Curiously, she feels nothing – not sadness, not regret, not even anger – when she realises her relationship with Teddy is doomed. It is Jean's fault, of course, that she does not know how to be happy. She will never escape her.


4. Let It Die
When she goes to the Lloyds' to say goodbye, on her way to Cambridge to study psychology, she says her goodbyes not only to Deirdre and the children, but to her lover. He knows why she is leaving, of course. She wants to escape Jean's influence.

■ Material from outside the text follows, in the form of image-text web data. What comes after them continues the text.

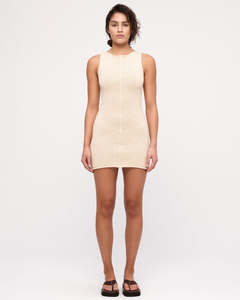 Boucle Knit Mini Dress - Coconut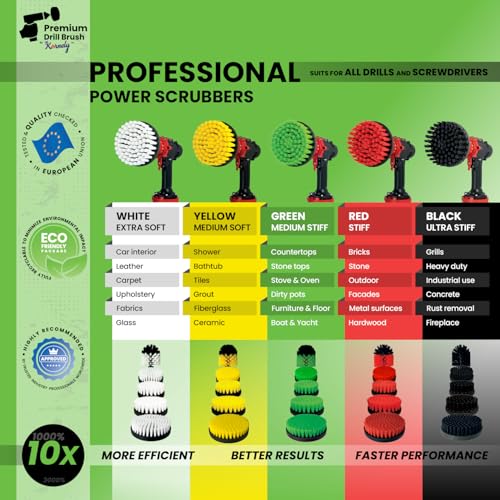 Premium Drill Brush Professional – Medium 5-Piece Kit (5/4/3.5/2 in Brushes + 6 in Extension) | Multi-Surface Kitchen and Household Cleaning for Ovens, Hobs, Floor Tiles and Greasy Cookware - color: Green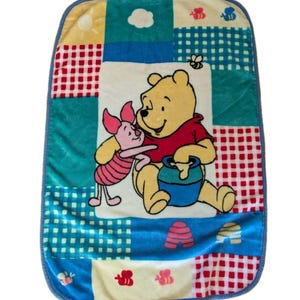 Disney Winnie the Pooh Piglet Honey Pot Plush Baby Blanket Vintage Gingham Bees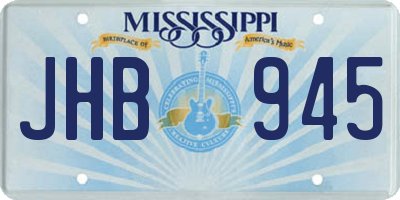 MS license plate JHB945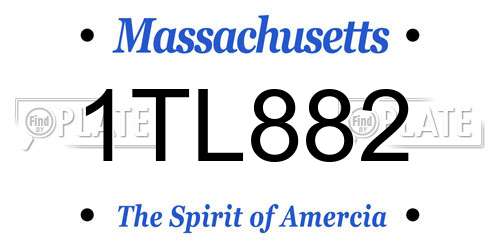 1TL882 Massachusetts License Plate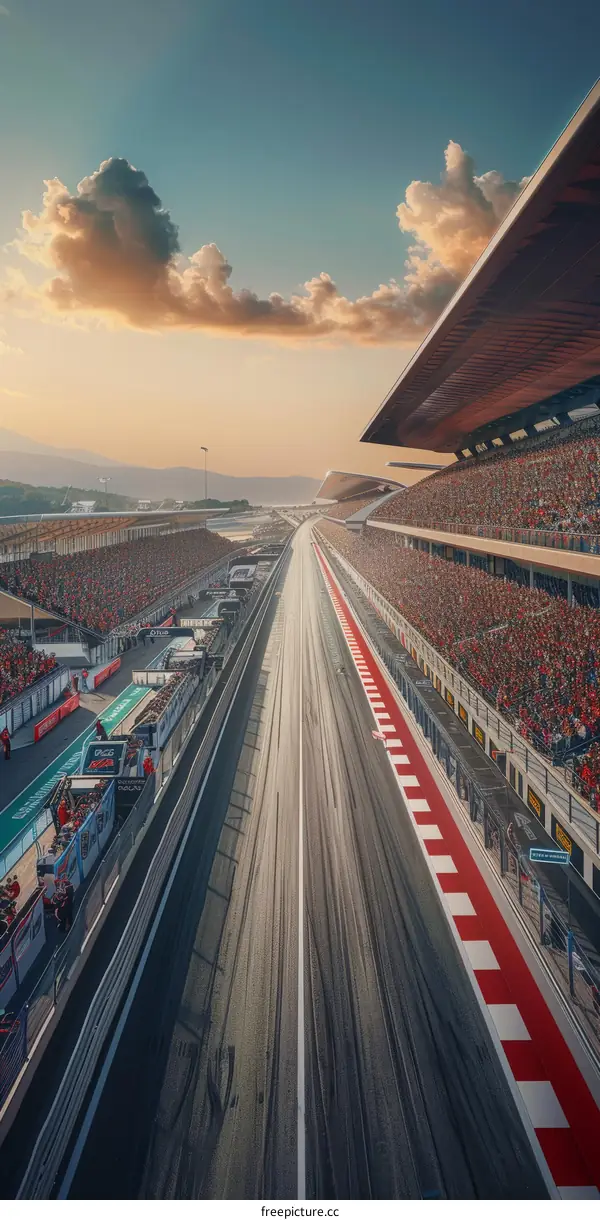 Formula One race track with empty grandstands at sunset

She leaves him a few weeks earlier, much to his confusion.

'Don't you see?' she tells him, 'we were never in love.'

He knows this, but still tries to protest. He wants her to stay; he is comfortable with her and in a way she is like Jean, the closest to Jean he will ever be. But she leaves, and, a few weeks later, returns for the last time.

'Goodbye,' he tells her, bending to kiss her cheek. When he straightens up, he looks into her eyes, silently asking her to stay. She shakes her head, pressing his hand as she coolly pulls away, embracing his wife and promising to write. When she walks out the door, both she and he know that his last link to Jean is finally gone.